▸ **PROBLEM TO WORK ON**
Look through the listing below and write out exactly the lines from the line with "Grass & Weed" to the line with "2026 Ford F-250 Lariat", both included, and no others.

▸ **TASK INPUTS**
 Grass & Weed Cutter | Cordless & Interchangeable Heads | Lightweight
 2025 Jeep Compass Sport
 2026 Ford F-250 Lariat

--

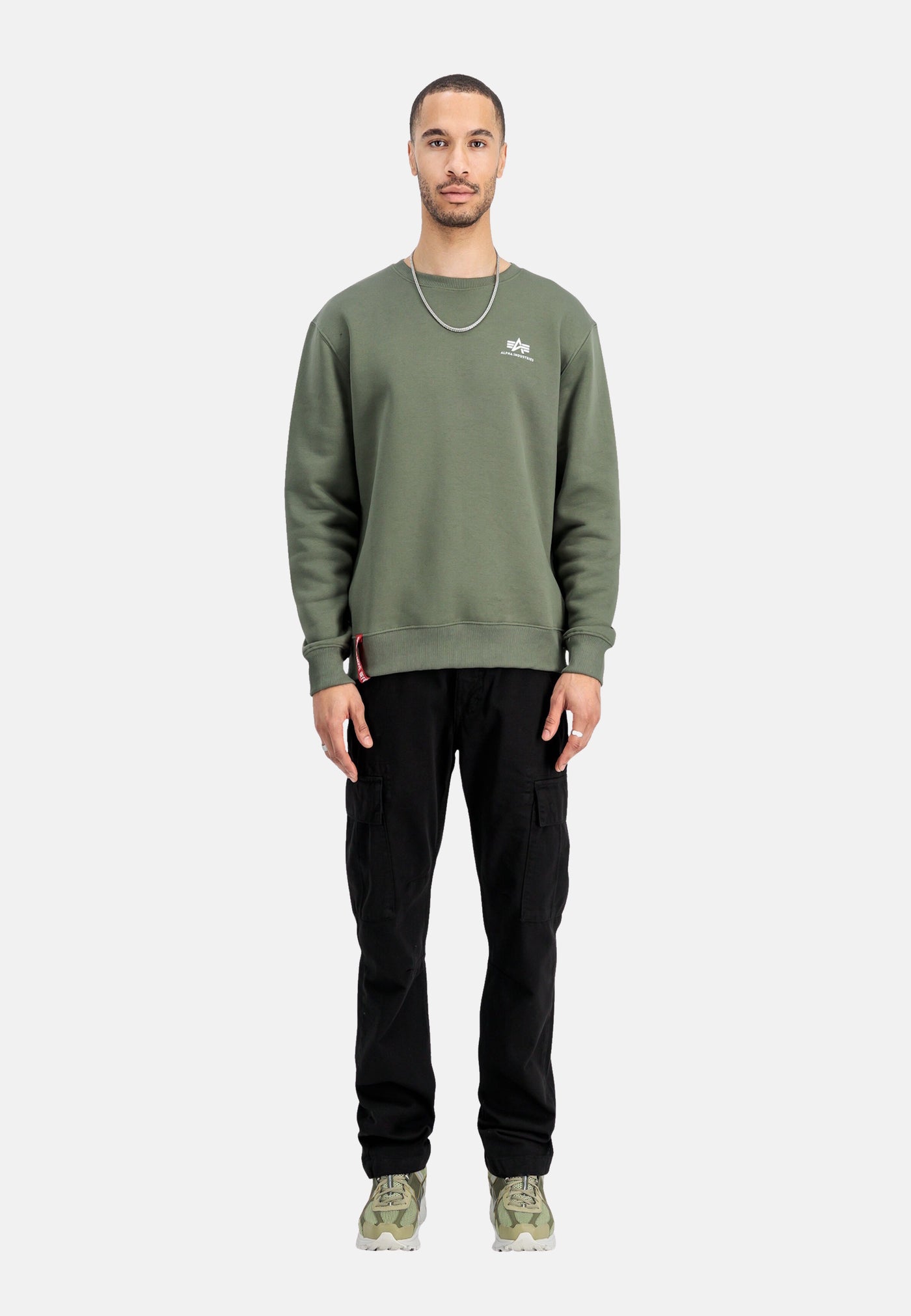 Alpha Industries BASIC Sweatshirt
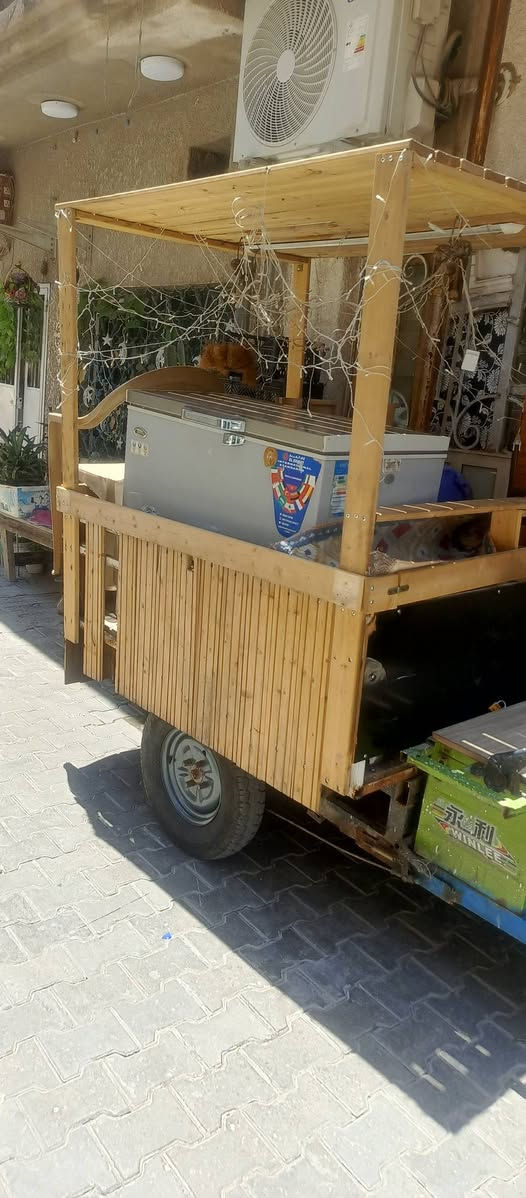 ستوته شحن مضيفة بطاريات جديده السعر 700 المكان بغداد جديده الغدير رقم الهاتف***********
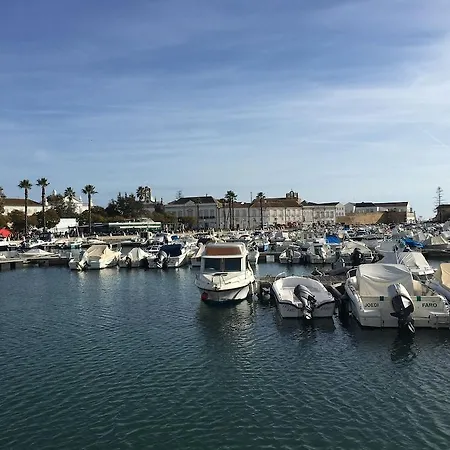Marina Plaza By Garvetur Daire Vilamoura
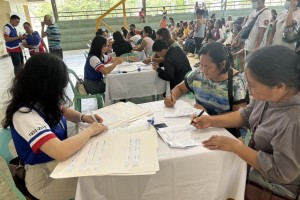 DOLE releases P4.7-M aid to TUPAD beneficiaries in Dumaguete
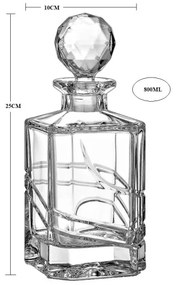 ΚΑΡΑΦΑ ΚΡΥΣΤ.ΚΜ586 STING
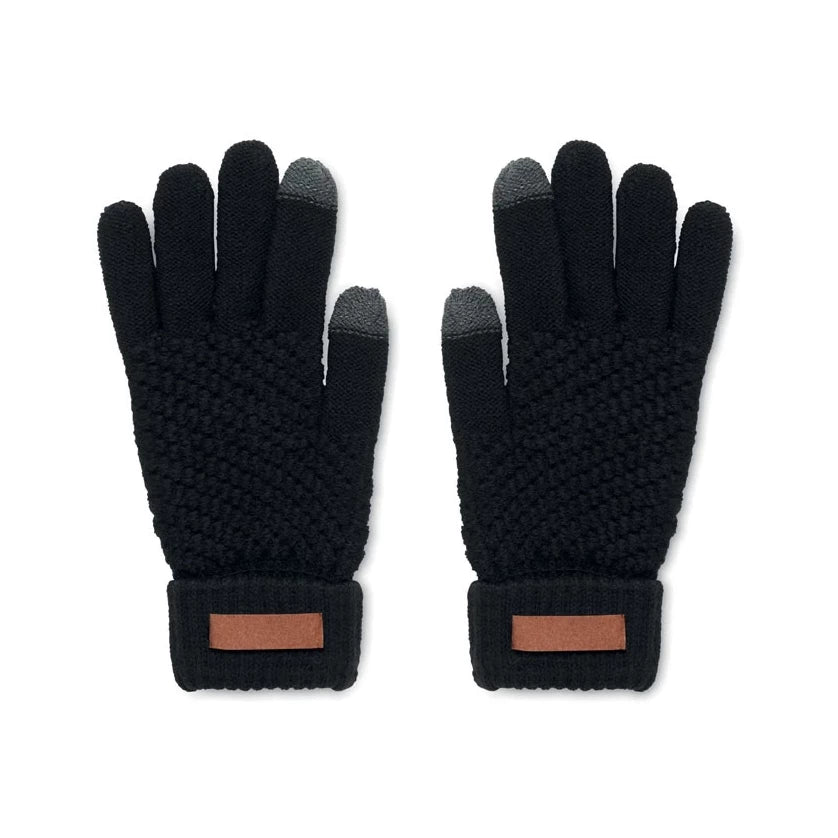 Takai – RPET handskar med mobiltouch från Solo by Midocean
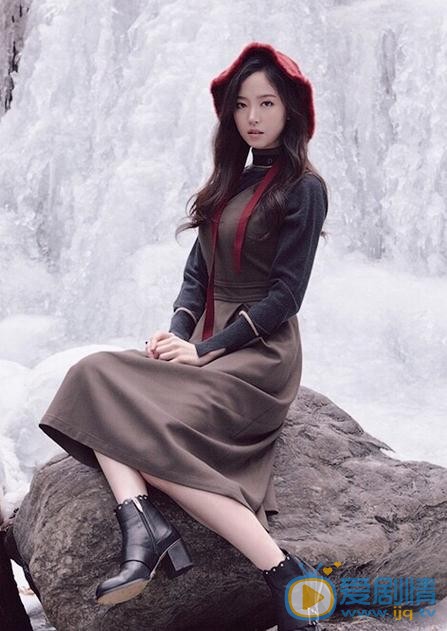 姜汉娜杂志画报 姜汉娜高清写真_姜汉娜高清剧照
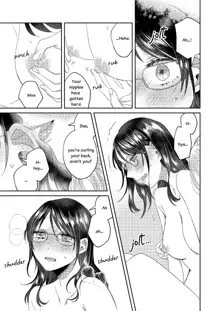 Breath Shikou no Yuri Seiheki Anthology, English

* * *

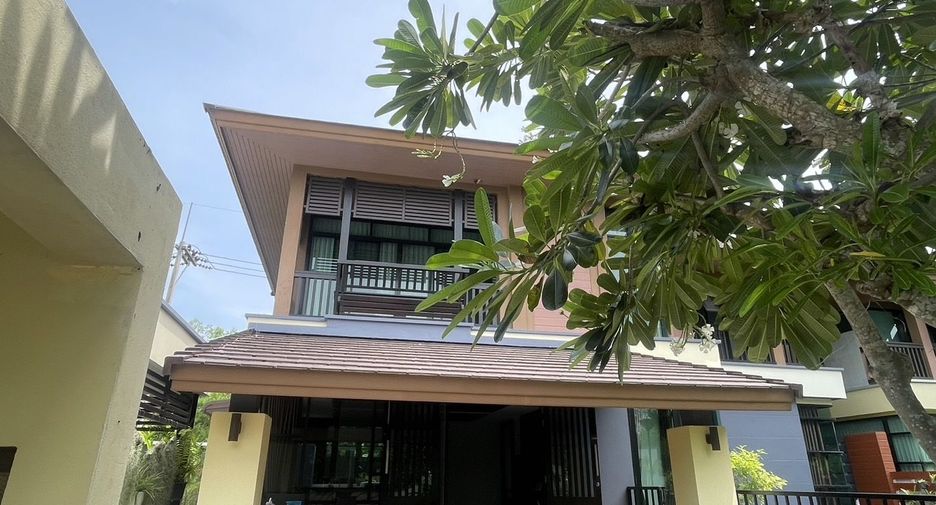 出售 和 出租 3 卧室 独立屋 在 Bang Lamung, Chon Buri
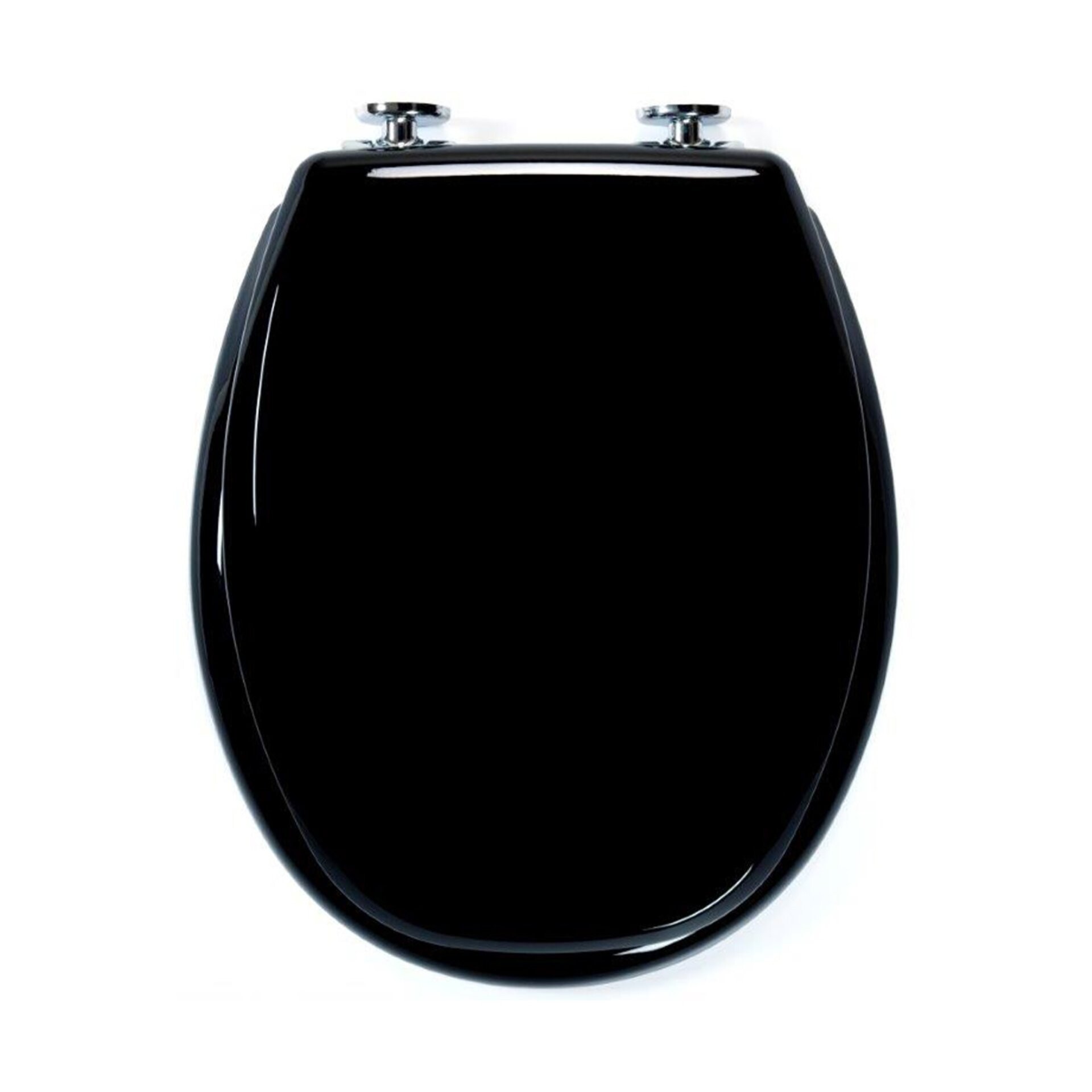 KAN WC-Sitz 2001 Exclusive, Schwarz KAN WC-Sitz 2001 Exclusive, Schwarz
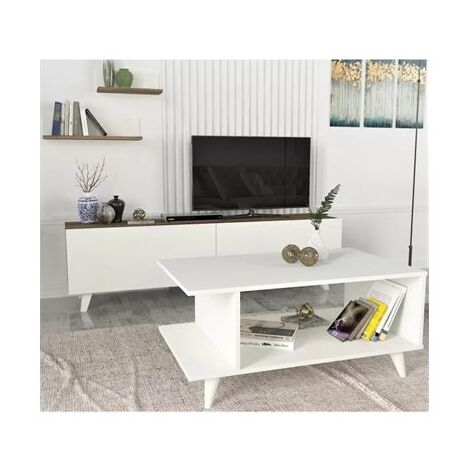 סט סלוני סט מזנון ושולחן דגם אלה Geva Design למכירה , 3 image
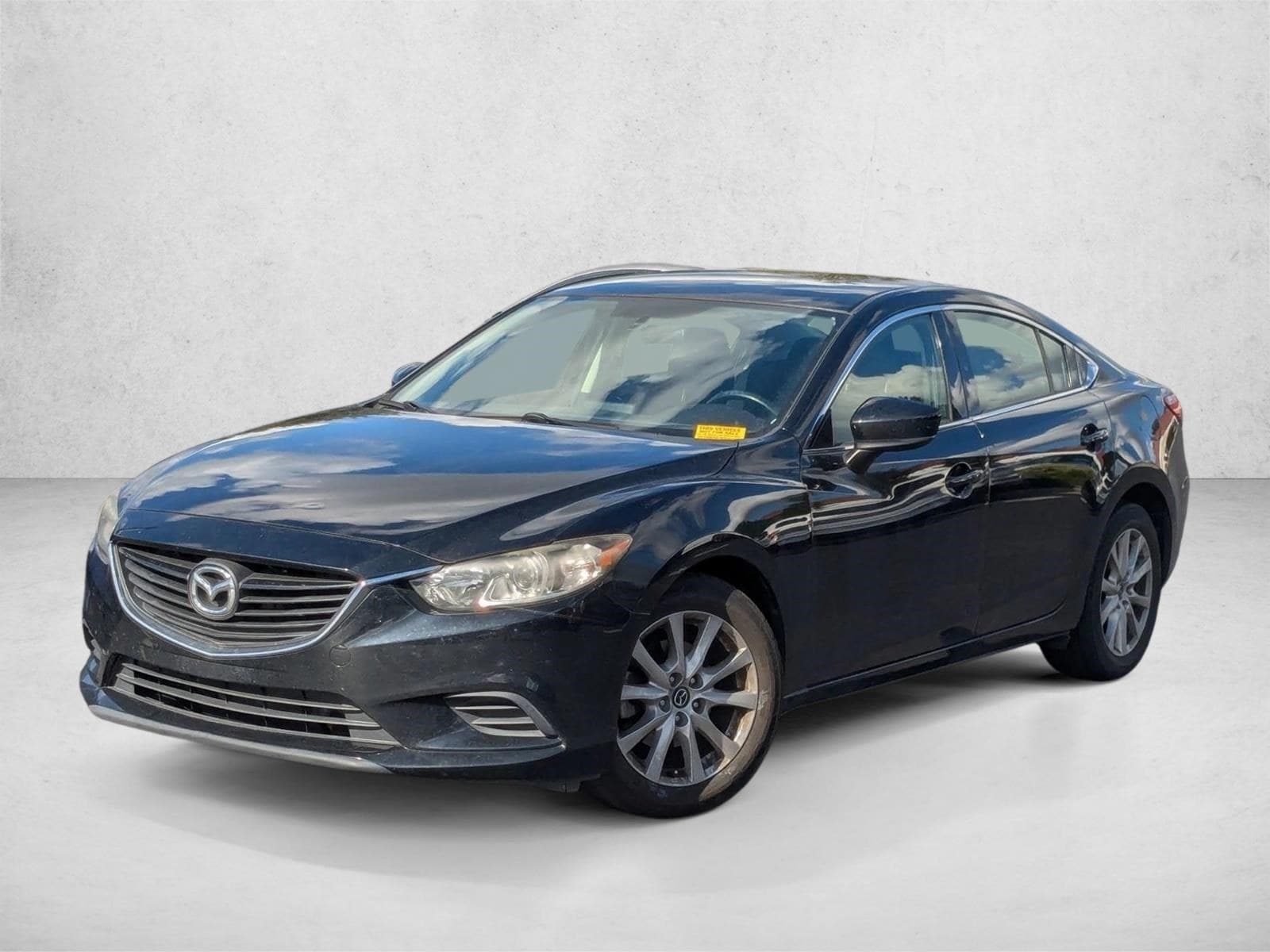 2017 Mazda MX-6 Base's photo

▸ **EXERCISE RESPONSE**
 Grass & Weed Cutter | Cordless & Interchangeable Heads | Lightweight
 2025 Jeep Compass Sport
 2026 Ford F-250 Lariat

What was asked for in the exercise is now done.